O diretor-geral da Polícia Federal (PF), Andrei Rodrigues, afirmou nesta terça-feira (18) que as investigações da corporação não confirmam a existência de conexões entre facções criminosas brasileiras e grupos considerados terroristas por alguns países. A declaração foi dada durante sessão da Comissão Parlamentar de Inquérito (CPI) do Senado que investiga a atuação do crime organizado no país.
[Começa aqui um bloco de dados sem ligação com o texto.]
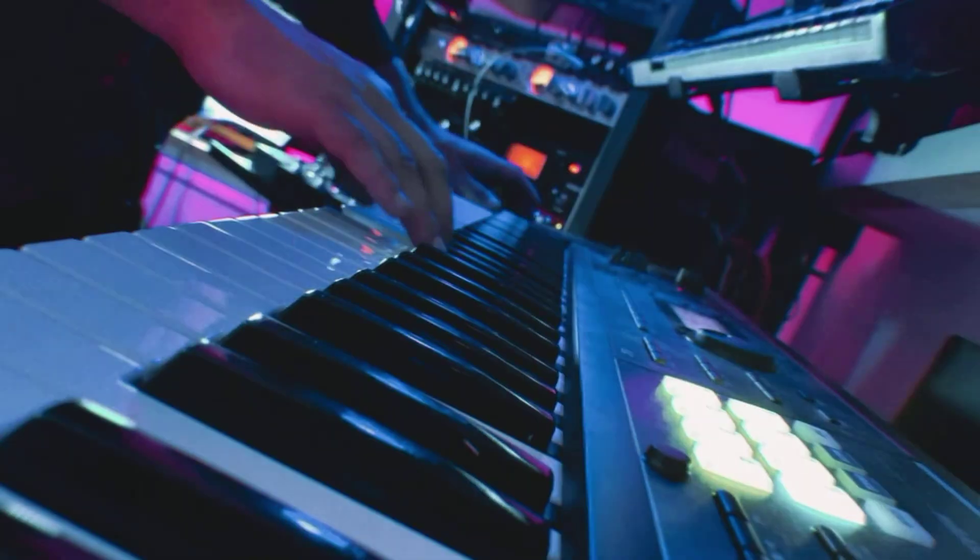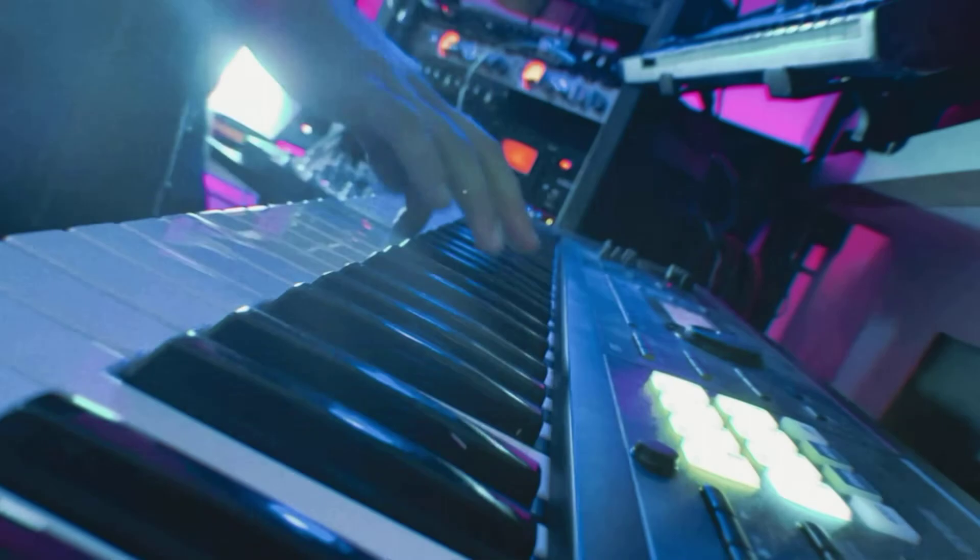There is close to zero instruments that can compare to synthesizers' functionality to create an infinite sonic palette of sounds, textures, and emotions. However, for all its loveliness, playing synth live has both a long history and present of problems, annoyances, and liabilities.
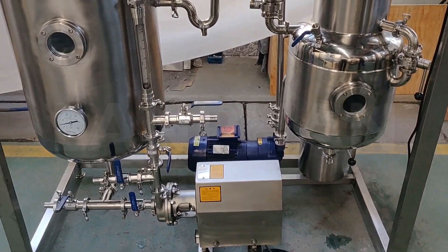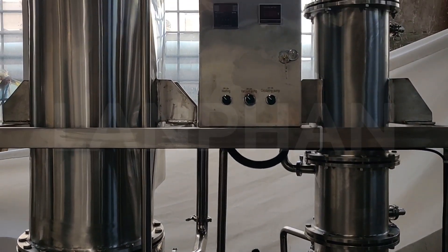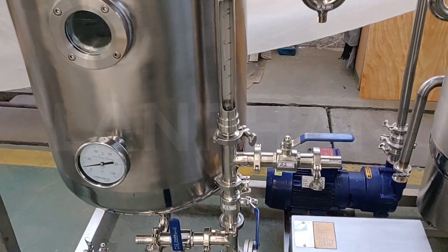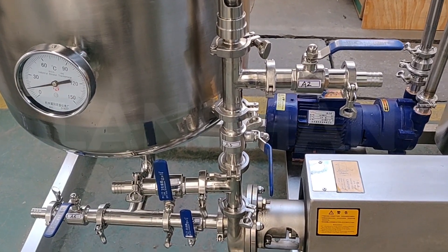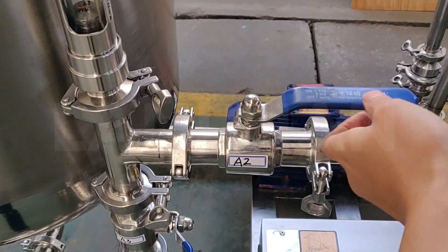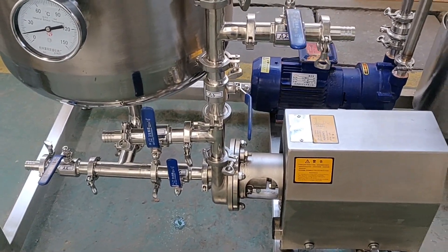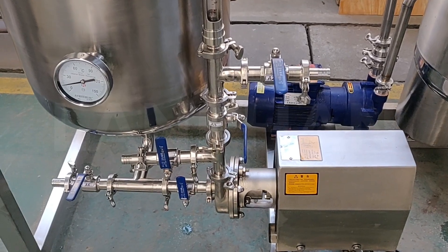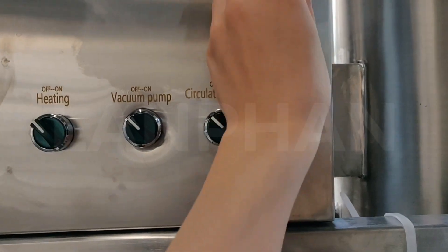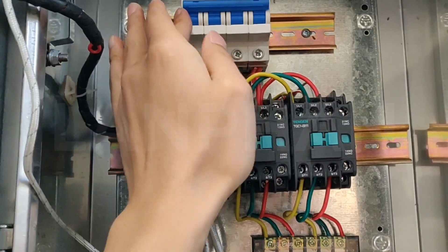Hello everyone, let's talk about the falling film. This one is a 20-liter falling film evaporator. In the first step, we need to check all the valves — they should be in the right condition. All valves should be closed. After finishing the checking, we open the control cabinet and turn on the switch.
"Não tenho conhecimento de que tenha havido alguma relação. Não basta, eventualmente, alguém falar, citar, para que a gente afirme categoricamente que há conexão entre esses dois fenômenos, seja terrorismo ou crime organizado. Então, nas investigações, de maneira concreta, eu não vejo esse cenário", explicou Andrei Rodrigues em resposta ao questionamento do senador Hamilton Mourão (Republicanos-RS).
O senador Mourão, que é vice-presidente da CPI, justificou sua pergunta citando a suposta presença de grupos considerados terroristas na região da Tríplice Fronteira, área de confluência entre Brasil, Paraguai e Argentina. "Há muito tempo, se trabalha e se discute, naquela região da Tríplice Fronteira, ali, no Paraná, a presença de organizações terroristas, que eu não vou citar o nome, internacionais", afirmou o parlamentar.
O diretor-geral da PF complementou que, quando as investigações são aprofundadas, elas mostram que esse cenário de cooperação entre facções brasileiras e grupos internacionais considerados terroristas "não se confirma". Rodrigues ainda acrescentou que "[Isso] é, muitas vezes, usado até como fator de pressão geopolítica, na qual nós não vamos entrar", em referência às acusações sobre a região.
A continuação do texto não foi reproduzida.